Hier wären wir auch wieder beim Journalismus. Wir Journalisten machen abstrakte Vorgänge gern anhand handelnder Figuren anschaulich. Wir machen das nicht ausschließlich so, wirklich nicht, dennoch müssen wir aufpassen, dass wir mit diesem gewissen Fokus auf Menschen, auf Konflikte, auf Negatives nicht eine Wirklichkeit mit erschaffen, die wir dann wieder kritisieren müssen. Zugleich aber muss sich die politische Klasse bewusst sein, dass Menschen die Welt vor allem über andere Menschen wahrnehmen.

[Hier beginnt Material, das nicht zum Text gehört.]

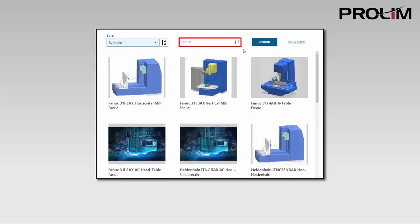Searching allows you to display PostProcessors based on matching the specified text string with the name.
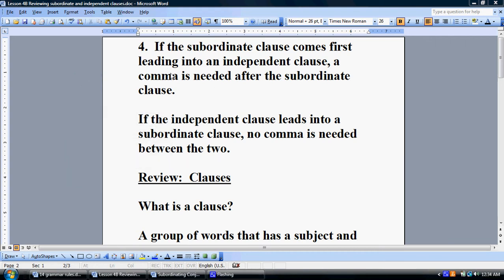As part of this series of grammar tutorials, I've decided for rule number four to spend some extra time reviewing subordinate and independent clauses and common usage with regard to those, because those tend to be the things that our students struggle with the most.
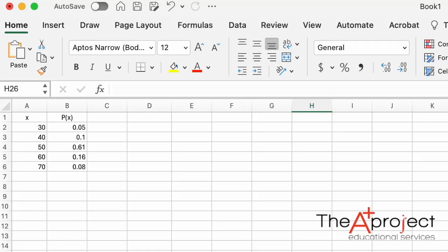How to compute the mean or expected value, the variance, and the standard deviation of a discrete probability distribution that we have in a table like this.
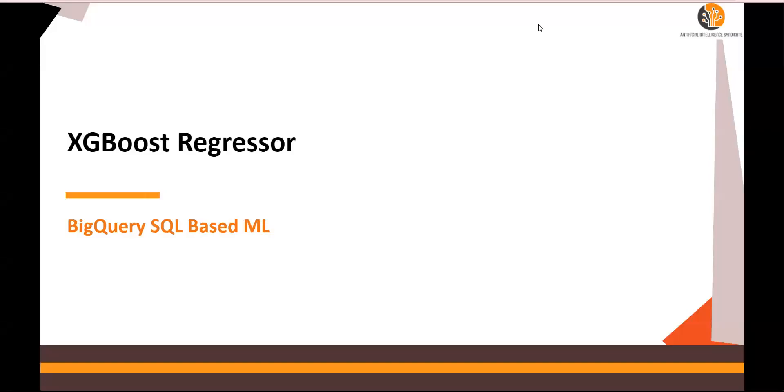Hello and welcome to this video where we are going to talk about BigQuery SQL-based machine learning. The model we are going to focus on today is XGBoost Regressor.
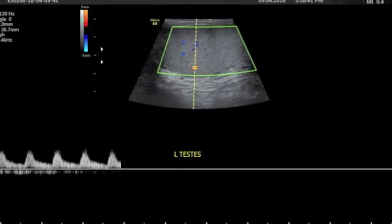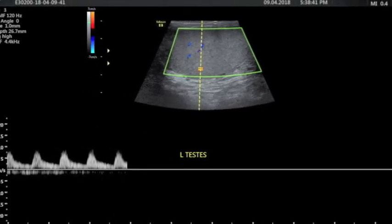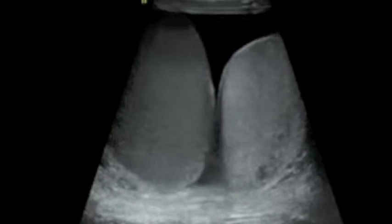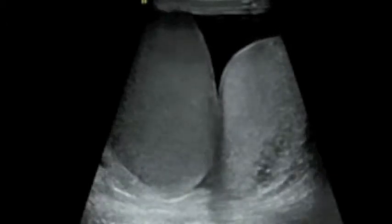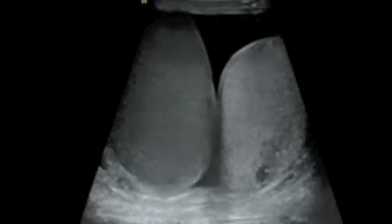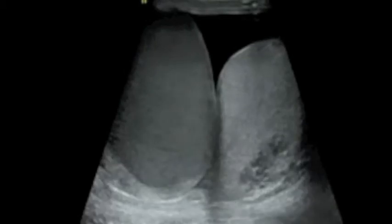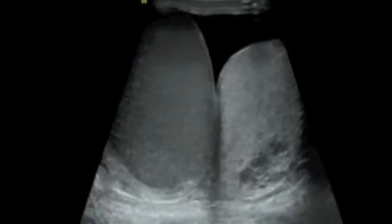We then turn our attention to the affected side. It's not a bad idea to take a transverse section across both testes at one time so you can actually compare the echo texture. As you can see on the screen, the testes on the left side is nice, bright, and smooth as it should be.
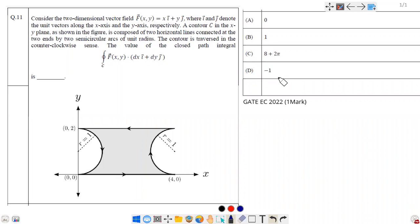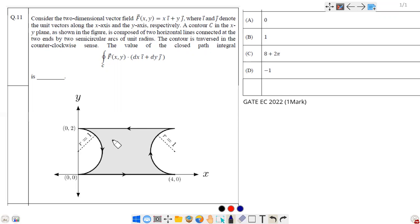Welcome to Gate Education. This question is from mathematics. Consider the two-dimensional vector field F = xi + yj, where i and j denote the unit vectors along the x-axis and y-axis respectively. A contour C in the xy-plane is composed of two horizontal lines connected at their two ends by two semicircular arcs of the unit circle. This forms a closed contour traversed in the counterclockwise direction. We need to find the value of the closed contour integral F·(dx i + dy j).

Und wenn Menschen streiten, wie die Kabinettsmitglieder es tun (jetzt zögert FDP-Mann Christian Lindner wieder bei der Erhöhung des Kindergeldes und bringt damit SPD und Grüne gegen sich auf), dann werden sie halt als zerstritten wahrgenommen.
Ganz am Ende hat es die Regierung also selbst in der Hand, wie es weitergeht. Mit ihr und diesem Land.